A Raman Spectroscopic Study of Kernite to 25 GPa

Abstract:

A Raman spectroscopic study of kernite to 25 GPa

Marcus Silva, Earl O'Bannon III, and Quentin Williams

Department of Earth & Planetary Sciences, University of California Santa Cruz

The Raman spectrum of kernite (Na₂B₄O₆(OH)₂·3(H₂O)) has been characterized up to ~25 GPa in order to explore pressure-induced changes in a structurally novel mineral that contains mixed coordination borate groups (three- and four-fold), and both hydroxyl units and water. During compression, all of the ~30 modes monitored shift positively and monotonically until ~2.2 GPa where a few low frequency modes disappear and tetrahedral borate modes merge. The low frequency modes that disappear at ~2.2 GPa are likely associated with Na vibrations, and their disappearance suggests that dramatic changes occur in the Na sites at ~2.2 GPa. The merging of the boron bending and stretching modes at ~2.2 GPa suggests that the local symmetry of the BO₄ tetrahedra changes at this pressure, and likely becomes more symmetric. The remaining modes shift positively up to ~7.4 GPa where a second notable change occurs. All but 5 modes (with initial frequencies of 150, 166, 289, 307, and 525 cm^-1) disappear at ~7.4 GPa. This indicates that a second phase transition has occurred which affects both the BO₃H and BO_4­ groups: based on the loss of modes, this transition may be associated with disordering of the crystal. These 5 modes persist and shift monotonically up to ~25 GPa. On decompression, the 5 modes shift smoothly down to ~2.0 GPa where a few new modes appear in the spectrum.
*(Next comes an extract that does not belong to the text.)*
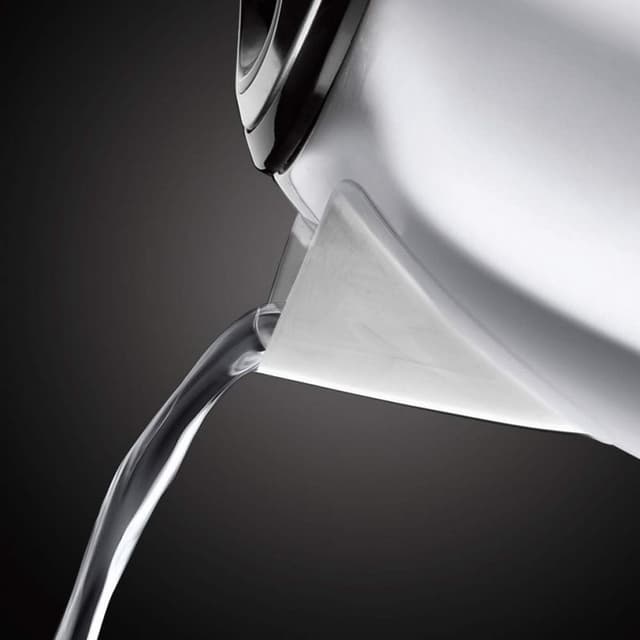 Thumbnail 3 de Russell Hobbs Victory Hervidor 1,7 L 2400 W hervidor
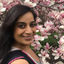 Writer: Aparna Singhal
When fully decompressed to room pressure, the Raman spectrum of the recovered sample is significantly different from the ambient spectrum of the initial sample. Thus, our results are suggest a phase transition occurring at 2.2 GPa with changes in the Na and tetrahedral boron sites, followed by an additional transition at 7.4 GPa that may involve disordering of the crystal. In the latter transition, at least the BO₃H groups appear to be destabilized, implying that the three-fold coordination of boron groups is, in contrast to the case of carbon, unstable in crystalline phases at relatively modest pressure conditions.